Nel corso del Cinquecento si registrarono interventi cospicui sulla struttura. Nel 1560 fu demolita l’abside maggiore per creare la nuova cappella del coro. Tra il 1568 e il 1570 il Cardinale De Gambara iniziò la costruzione di dieci cappelle laterali, otto delle quali furono richiuse dopo la seconda guerra mondiale.

Le grandi arcate murate che si notano percorrendo le navate minori corrispondono agli ingressi di questi ambienti oramai non più fruibili.

Anche durante il XVII secolo assistiamo ad una fervente opera di rimodernamento. che porterà alla trasformazione definitiva dell’impianto romanico, prima dei restauri post bellici.

Nel 1650 il Cardinale Francesco Maria Brancaccio diede avvio ai lavori della sagrestia e nel 1681 il suo successore, Stefano Brancaccio, fece costruire le volte sulle navate facendo rialzare quelle laterali e trasformando le finestre di quella centrale.

A questi lavori si aggiungeranno quelli del Vescovo Sacchetti, che procedette alla demolizione dei muri che fiancheggiavano l’abside maggiore, al fine di ampliare il coro.

La decorazione della volta fornisce un accentuato illusionismo prospettico legato all’uso di linee convergenti al centro del soffitto e dalla rastremazione della decorazione a finti lacunari. Nel riquadro al centro della volta era posta l’opera San Lorenzo ed i poveri, attribuita a Carlo Maratta. Attualmente è presente solo una riproduzione fotografica, mentre l’originale è visibile lungo la navata sinistra della chiesa.

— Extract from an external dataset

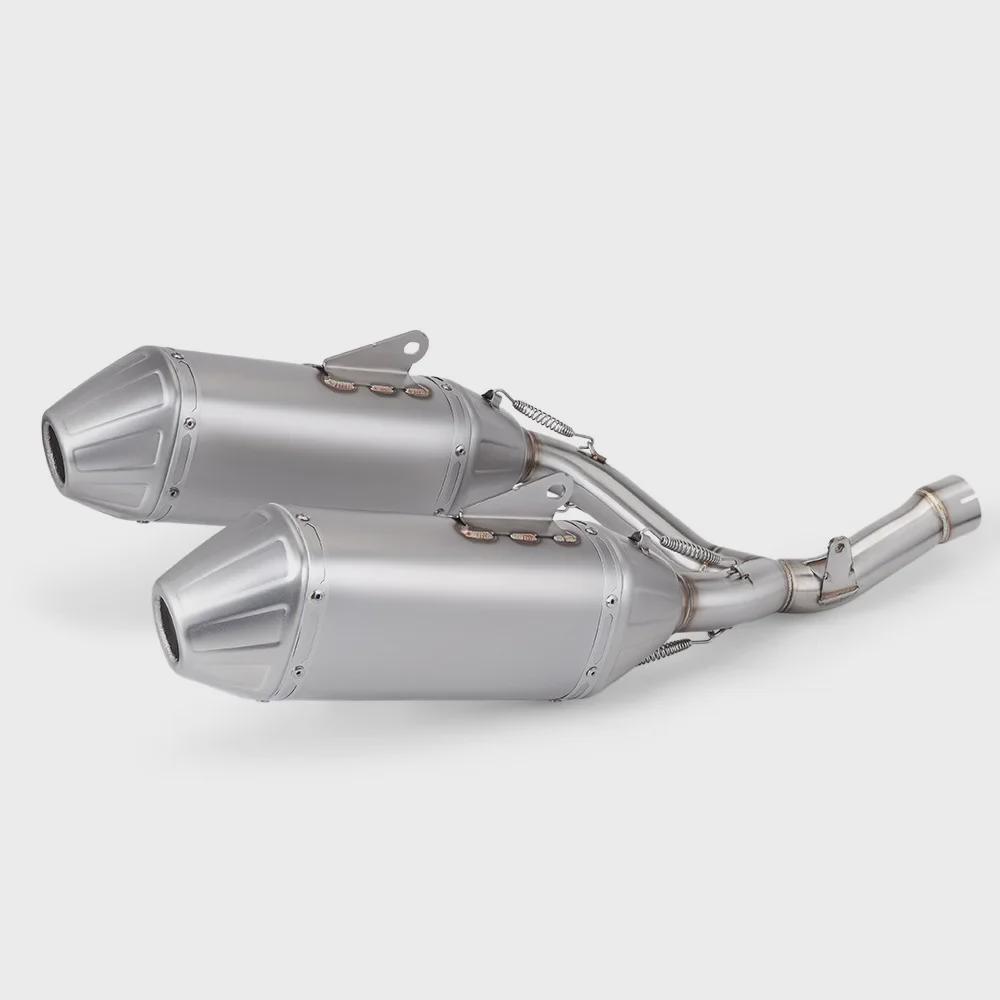 Комплект выхлопной системы CRF450 Mid-Tail Section для 2015-2020 гг.: Простая установка, не требуется никаких модификаций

Particolare attenzione merita il crocifisso in cartapesta del XVII secolo realizzato con inserimento di giunti in legno che permettono la mobilità di parti del corpo quali le braccia ed il capo.

È possibile notare uno di questi giunti in legno emergere da una caduta nella cartapesta sul braccio destro del Cristo. La possibilità di movimento è intuibile anche grazie all’asola presente nella mano destra del Salvatore in prossimità del chiodo.

L’orologio a pendolo a doppio bilanciere, ancor oggi perfettamente funzionante, è in fase con la stessa decorazione e fu voluto dal cardinale.

Nel coro barocco si possono ammirare gli affreschi realizzati nel 1683 dal pittore romano Giuseppe Passeri. Questi rappresenta San Lorenzo nella scena principale della volta contornato dalle personificazioni delle virtù.

Nel catino absidale la figura del Cristo in Gloria è circondata dalla rappresentazione di alcuni santi: San Paolo, defensor fidei, con la spada; San Pietro, con le chiavi del Paradiso; Santi Valentino e Ilario, evangelizzatori della Tuscia e compatroni di Viterbo; Santa Eudossia martire, seguace di Valentino e Ilario; Santa Rosa da Viterbo, nelle vesti di suora, patrona di Viterbo; San Giuseppe, raffigurato con la verga fiorita; San Girolamo, con in mano la Vulgata, la traduzione della Bibbia; San Filippo Neri, con la barba bianca; San Francesco Saverio, con colletto nero.

Nel catino absidale dell’area del coro barocco, la pala d’altare – integralmente restaurata nel 1999 – rappresenta la Gloria di San Lorenzo ed è stata realizzata nel 1648 da Giovan Francesco Romanelli, artista viterbese attivo a Roma e presso la corte del Re di Francia al seguito del Cardinale Mazzarino, suo mecenate.

L’autore rappresenta l’iconografia classica del Santo rappresentato in veste arcidiaconale nell’atto di saltare sulla graticola, strumento del martirio. Nella mano destra impugna la palma, attributo di tutti i martiri.